A simple lock-free SPSC FIFO ring buffer, with in-place mutability.

## Should I use it?

If you are in search of a ring buffer to use in production environment, take a look at one of these, before returning here:
* [ringbuf](https://github.com/agerasev/ringbuf);
* [thingbuf](https://github.com/hawkw/thingbuf).

If you find any mistakes with this project, please, open an [issue](https://github.com/Skilvingr/rust-mutringbuf/issues/new/choose); I'll be glad to take a look!

## Performance

According to benchmarks, `ringbuf` should be a little bit faster than this crate, when executing certain operations.

On the other hand, according to tests I've made by myself using Instants, `mutringbuf` seems to be slightly faster.

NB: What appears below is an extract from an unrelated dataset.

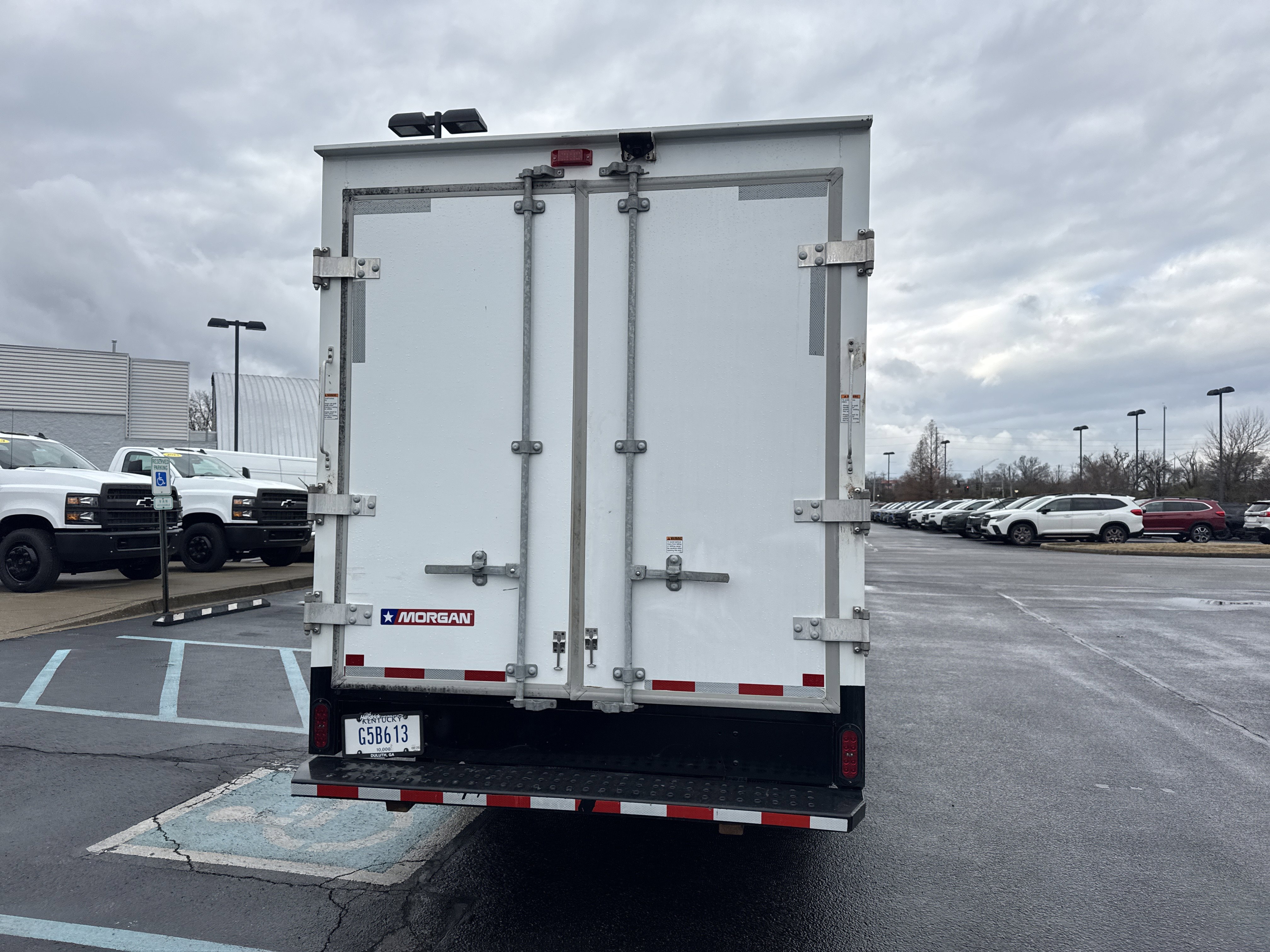 Used 2022 Chevrolet Express 3500 w/ Power Convenience Package image 4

I frankly don't know why, so my suggestion is to try both and decide, bearing in mind that, for typical producer-consumer use, `ringbuf` is certainly more stable and mature than this crate.

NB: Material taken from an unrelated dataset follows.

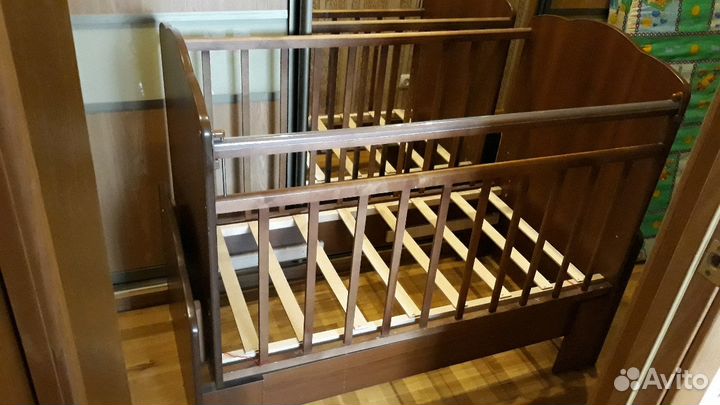 Кроватка детская маятник, с матрасом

## What is the purpose of this crate?
I've written this crate to perform real-time computing over audio streams,
you can find a (simple) meaningful example [here](https://github.com/Skilvingr/rust-mutringbuf/blob/master/examples/cpal.rs).
To run it, jump [here](#tests-benchmarks-and-examples).

## Features
- `default`: `alloc`
- `alloc`: uses alloc crate, enabling heap-allocated buffers
- `async`: enables async/await support

## Usage

### A note about uninitialised items
This buffer can handle uninitialised items.
They are produced either when the buffer is created with `new_zeroed` methods, or when an initialised item
is moved out of the buffer via [`ConsIter::pop`](https://docs.rs/mutringbuf/latest/mutringbuf/iterators/sync_iterators/cons_iter/struct.ConsIter.html#method.pop) or
[`AsyncConsIter::pop`](https://docs.rs/mutringbuf/latest/mutringbuf/iterators/async_iterators/cons_iter/struct.AsyncConsIter.html#method.pop).

As also stated in `ProdIter` doc page, there are two ways to push an item into the buffer:
* normal methods can be used *only* when the location in which we are pushing the item is initialised;
* `*_init` methods must be used when that location is not initialised.

That's because normal methods implicitly drop the old value, which is a good thing if it is initialised, but
it becomes a terrible one if it's not. To be more precise, dropping an uninitialised value results in UB,
mostly in a SIGSEGV.

### Initialisation of buffer and iterators
First, a buffer has to be created.

Local buffers should be faster, due to the use of plain integers as indices, but can't obviously be used in a concurrent environment.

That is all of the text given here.